Multi row calculation

4nak1n · May 5, 2024, 2:32pm

Assume I have this table:

Period	ID	Date Taken	Cat
1/02/2022	1	1/02/2022	H
1/02/2022	1	2/02/2022	H
1/02/2022	1	3/02/2022	H
1/02/2022	1	4/02/2022	P
1/02/2022	2	4/02/2022	P
1/02/2022	2	5/02/2022	S
1/03/2023	1	30/03/2023	S
1/03/2023	1	31/03/2023	H
1/04/2023	1	1/04/2023	H
1/04/2023	1	2/04/2023	H
1/04/2023	1	3/04/2023	H

I would like to count how many consecutive leave per id. When Leave Categories (Cat) are H or P I would count toward the consecutive leave, when S, it will not be considered.

‘Days’ column is for how many consecutive leaves are taken.
‘Mark’ column is for, if cat S happened 1 day before cat H or P, will be marked ‘Y’.

Desired output:

Period	ID	Date Taken	Cat	Days	Mark
1/02/2022	1	1/02/2022	H	1
1/02/2022	1	2/02/2022	H	2
1/02/2022	1	3/02/2022	H	3
1/02/2022	1	4/02/2022	P	4
1/02/2022	2	4/02/2022	P	1
1/02/2022	2	5/02/2022	S	0	Y
1/03/2023	1	30/03/2023	S	0	Y
1/03/2023	1	31/03/2023	H	1
1/04/2023	1	1/04/2023	H	2
1/04/2023	1	2/04/2023	H	3
1/04/2023	1	3/04/2023	H	4

As you can see, from 1 Feb to 4 Feb, ID 1 took 4 days (Cat are H or P), so ‘days’ range from 1 to 4. ID 2 took 1 on the 4 of Feb, and S on the 5 of Feb, so he has 1 and 0 (S won’t be counted toward ‘days’). But on the period Mar 2023, ID 1 took leave (cat C) on the 30th Mar and leave (cat H) from 31 to 3 of Apr. I would like to count only from the 31 to the 4 together, skip the 30 of Mar as it was cat S.

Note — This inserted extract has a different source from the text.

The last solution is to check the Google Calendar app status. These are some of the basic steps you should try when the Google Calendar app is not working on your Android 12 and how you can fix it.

And the column ‘Mark’ the logic will be, that if cat S happened 1 day right before or after cat P or H will be marked ‘Y’. You can see ID 2 has 1 cat S right after the 4th of Feb, and ID 1 has 1 cat S right before cat H on the 30 of Mar

Note:
H - Holiday
P - P. Holiday
S - Sick

gonhaddock · May 6, 2024, 8:45am

Hello @4nak1n
This $Days$ column is a product, that you can achieve with ‘Rank’ node; by using ‘Grouping Attributes’ configuration + Ordinal ‘Ranking Mode’ and Retaining Row Order.

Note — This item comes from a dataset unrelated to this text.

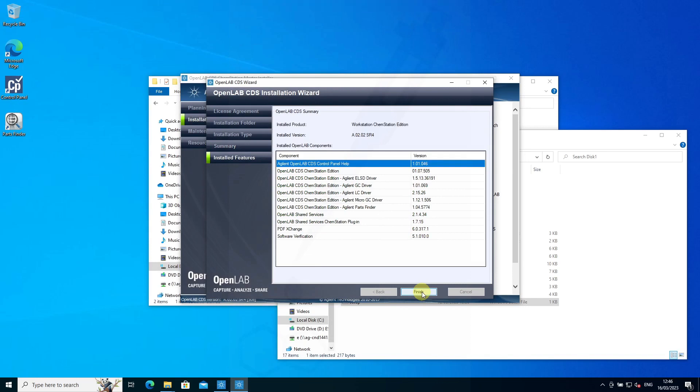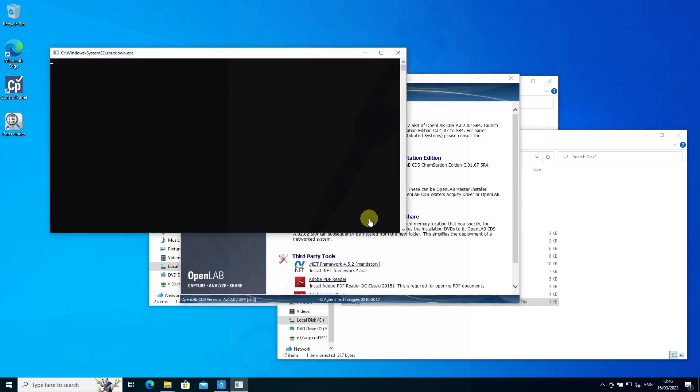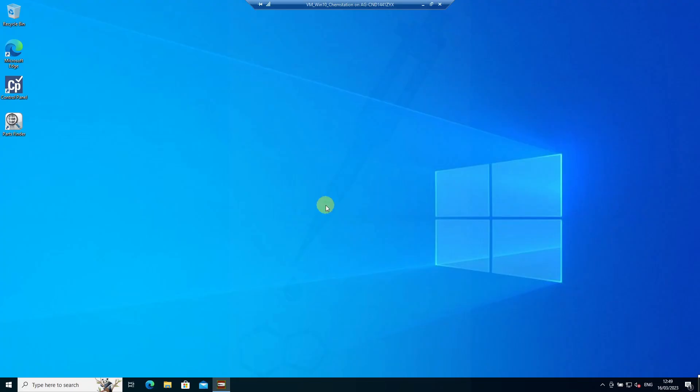We can then finish. We might have to restart, and that's what needs to happen next. The next step after the restart is starting the control panel.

The zero values for S Cat, an Marks; they can be built with the help of ‘Rule Engine’ nodes.

BR

4nak1n · May 6, 2024, 9:13am

Hi, thank you for your pointer. I am coming from Alteryx, and so overwhelmed by how many tools Knime is offering.

rfeigel · May 7, 2024, 1:23am

Could you please share how would configure the Rank node?

gonhaddock · May 7, 2024, 8:56am

Hello @rfeigel
It’s already described in the post:

BR

rfeigel · May 7, 2024, 2:00pm

I’ve tried practically every possible configuration and can’t produce the desired outcome directly from the input table.

gonhaddock · May 8, 2024, 10:00am

Hello @rfeigel
I gave just an answer solution without testing it. Now, I’m trying to address your question and I think that you are right.

The Rank Node would be valid only for sample data, however it will fail on change $Period$ consecutive $Date Taken$. Furthermore, it will further fail for a worker with more than one group of consecutive $Date Taken$ in the same period.

Said so. The logical solution would be more complex… requiring a complex conditional workflow, based in ‘Column Expressions’ with Offset function. Something similar to the discussion in the following post:

I can work out a custom solution workflow, I’ll try to deliver along the day (I can’t promise it). You can also share, if you have a valid solution ready.

BR

gonhaddock · May 8, 2024, 2:39pm

Hello @4nak1n , @rfeigel
I’ve found a possible solution based in ‘Rank’ node. Then, no ‘Column Expressions’ coding is needed.

This solution generates ranged counts based in consecutive $Date Taken$, with the help of ‘Moving Aggregation’ node. It doesn’t look up to $Period$ anymore.

20240508_multi_row_calculation_v0.knwf (65.6 KB)

Any comments are welcome.

BR

system · May 15, 2024, 2:39pm

This topic was automatically closed 7 days after the last reply. New replies are no longer allowed.